DATA BELOW -
--

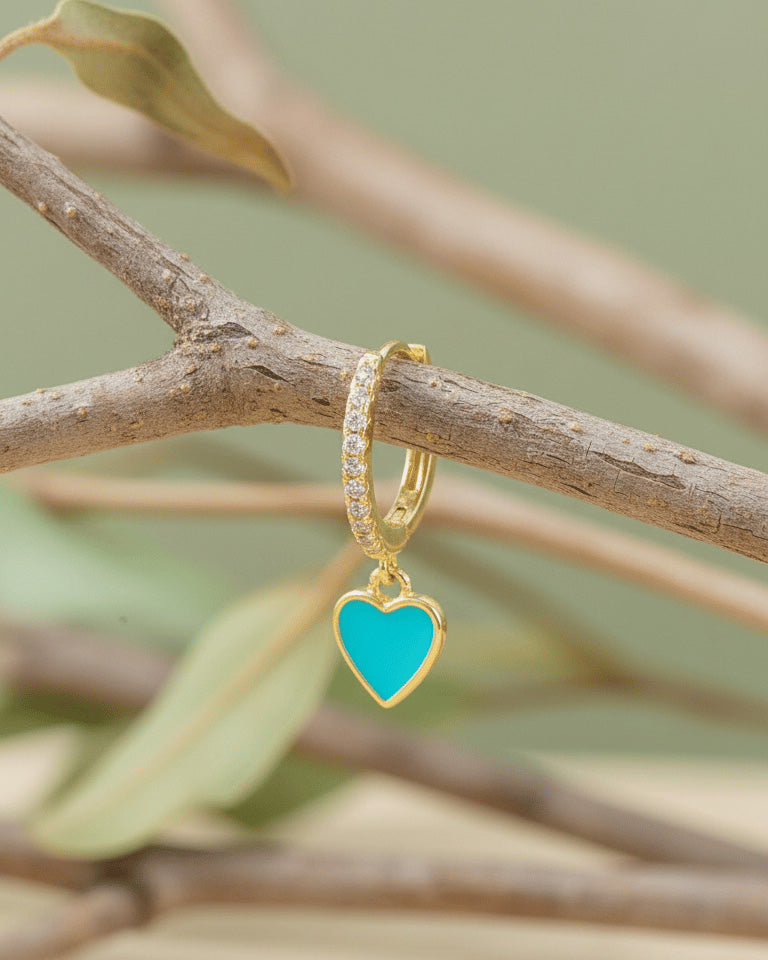 turquoise and pink enamel huggie hoop earrings.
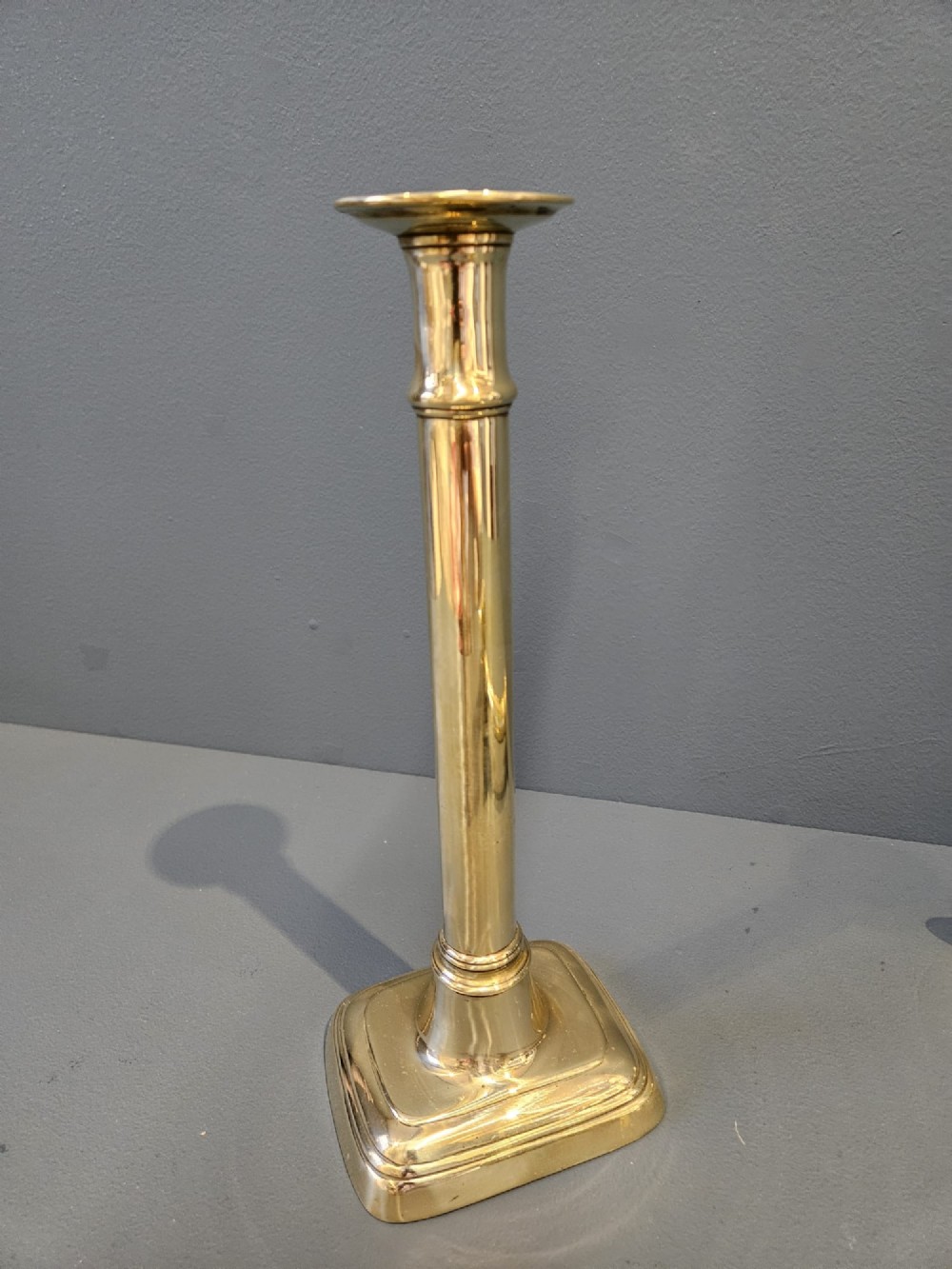 A pair of tall George III brass candlesticks with stepped square bases and slender cylindrical columns featuring raised band details. View IV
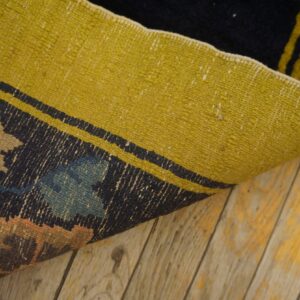 A curled rug displays a dark, patterned face with colorful motifs and a bright yellow reverse side on wood floors.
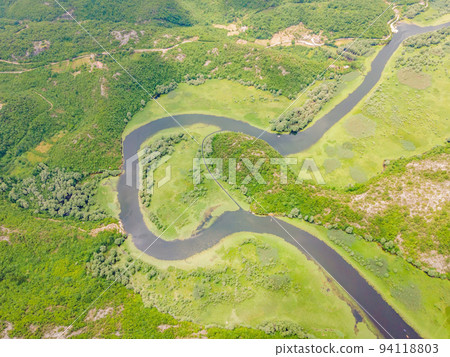 Canyon of Rijeka Crnojevica river near the Skadar lake coast. One of the most famous views of Montenegro. River makes a turn between the mountains and flows backward Portrait of a disgruntled girl 94118803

--

WHAT TO DO -
Each line of the material goes into your copy unchanged, but no picture does.

RESULT BELOW -
 turquoise and pink enamel huggie hoop earrings.
 A pair of tall George III brass candlesticks with stepped square bases and slender cylindrical columns featuring raised band details. View IV
 A curled rug displays a dark, patterned face with colorful motifs and a bright yellow reverse side on wood floors.
 Canyon of Rijeka Crnojevica river near the Skadar lake coast. One of the most famous views of Montenegro. River makes a turn between the mountains and flows backward Portrait of a disgruntled girl 94118803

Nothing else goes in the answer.